Ефрейтор — самый несчастный чин в армии. Он и собой-то не свободен был распоряжаться, несмотря на название, куда уж там голосовать по совести.

Капралы во всем подражают фельдфебелям, а те в каждом штатском видят негодяя. Поручики, называвшие чехов «diese verfluchte tschechische Bande»[50], просто не отваживались произносить после этого: «Нет, не виновен!» Что же говорить о ротмистре и штаб-офицере — все они наконец-то дождались часа, когда чехов можно было тихо-мирно отправлять в тюрьму и на виселицу.

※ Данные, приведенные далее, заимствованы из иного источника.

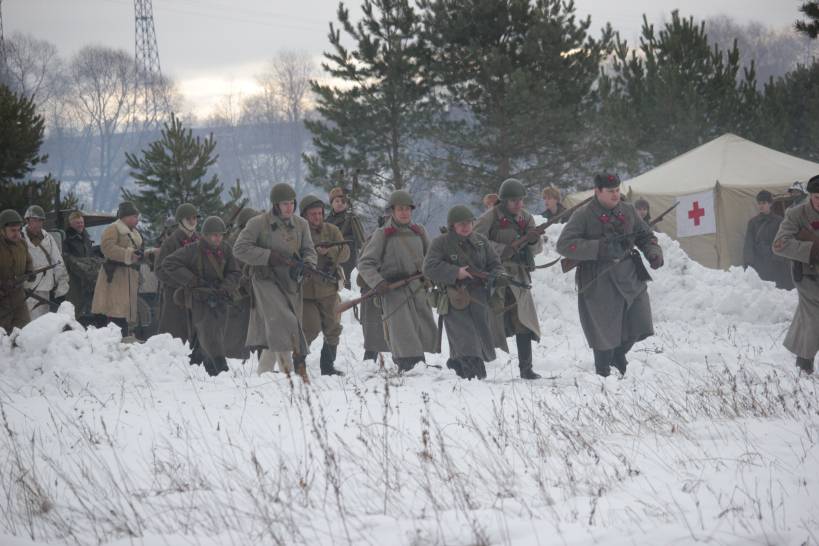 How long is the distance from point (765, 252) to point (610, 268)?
9.03 metres

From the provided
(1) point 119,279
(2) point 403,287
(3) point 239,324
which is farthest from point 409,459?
(1) point 119,279

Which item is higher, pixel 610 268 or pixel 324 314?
pixel 610 268

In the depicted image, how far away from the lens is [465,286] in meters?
9.62

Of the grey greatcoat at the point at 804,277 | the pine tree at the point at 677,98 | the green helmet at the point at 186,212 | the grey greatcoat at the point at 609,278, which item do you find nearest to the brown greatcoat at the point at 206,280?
the green helmet at the point at 186,212

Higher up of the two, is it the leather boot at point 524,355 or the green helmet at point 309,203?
the green helmet at point 309,203

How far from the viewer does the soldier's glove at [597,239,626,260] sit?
29.9 feet

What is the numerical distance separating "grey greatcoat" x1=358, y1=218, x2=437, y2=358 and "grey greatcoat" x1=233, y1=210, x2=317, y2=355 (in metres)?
0.61

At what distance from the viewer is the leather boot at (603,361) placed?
366 inches

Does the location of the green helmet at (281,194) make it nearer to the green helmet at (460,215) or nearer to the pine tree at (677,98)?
the green helmet at (460,215)

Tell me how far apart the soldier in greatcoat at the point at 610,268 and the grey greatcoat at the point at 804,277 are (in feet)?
3.43

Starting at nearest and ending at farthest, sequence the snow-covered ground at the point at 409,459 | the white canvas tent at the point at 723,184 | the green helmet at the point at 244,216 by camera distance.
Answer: the snow-covered ground at the point at 409,459, the green helmet at the point at 244,216, the white canvas tent at the point at 723,184

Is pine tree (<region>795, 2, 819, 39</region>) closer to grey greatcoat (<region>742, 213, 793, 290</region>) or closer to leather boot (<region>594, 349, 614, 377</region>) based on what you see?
grey greatcoat (<region>742, 213, 793, 290</region>)

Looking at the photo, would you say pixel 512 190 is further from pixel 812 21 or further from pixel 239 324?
pixel 812 21

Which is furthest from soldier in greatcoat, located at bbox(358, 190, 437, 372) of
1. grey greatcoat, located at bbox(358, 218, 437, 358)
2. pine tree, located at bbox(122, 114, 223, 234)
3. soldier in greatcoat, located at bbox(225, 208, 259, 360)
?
pine tree, located at bbox(122, 114, 223, 234) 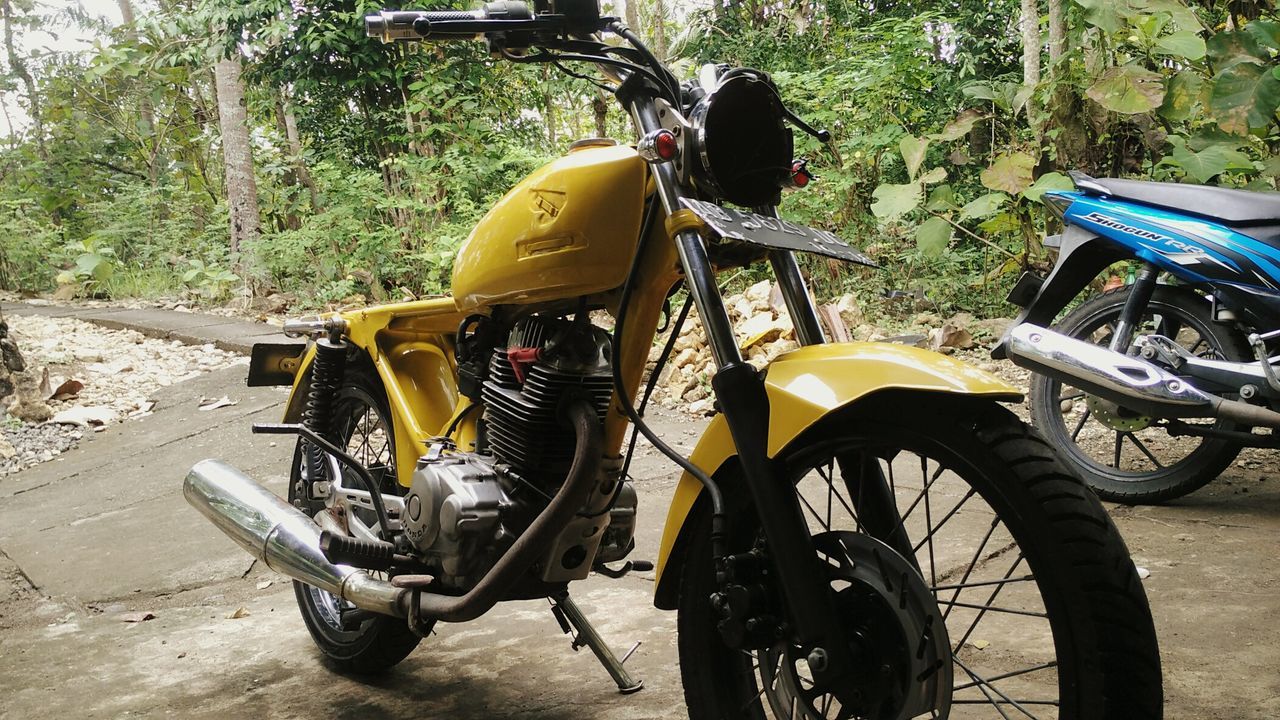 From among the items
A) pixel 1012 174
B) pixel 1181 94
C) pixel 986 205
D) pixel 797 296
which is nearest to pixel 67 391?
pixel 986 205

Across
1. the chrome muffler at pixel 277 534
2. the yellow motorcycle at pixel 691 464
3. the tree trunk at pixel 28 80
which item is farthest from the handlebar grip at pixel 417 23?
the tree trunk at pixel 28 80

Каждый судья имеет право задавать вопросы; но здесь обвиняемого ни о чем не спрашивали. С вопросами обращались лишь к аудитору, который доходчиво объяснял, что подсудимый — бандит отъявленный, что он состоял в «Соколе», читал «Самостатност» и т. д. Аудитор выносил на суд свое суждение (volens informativum), в котором давалась яркая, сжатая оценка проступков с перечислением всех отягчающих обстоятельств, скажем, обвиняемый когда-то защищал интересы чешского меньшинства. В заключение аудитор предлагал меру наказания. Вопрос о виновности ставился на голосование. Голоса собирали, начиная с низших чинов и кончая председателем, который обладал двумя. Один голос принадлежал аудитору.

Таким образом, всегда получалось, что обвиняемый признавался таковым всеми девятью голосами: каждый из судей на вопрос, виновен ли подсудимый, отвечал на своем месте «Ja»[51]. Таково было первейшее правило военных судов. Такова была настоящая военная дисциплина.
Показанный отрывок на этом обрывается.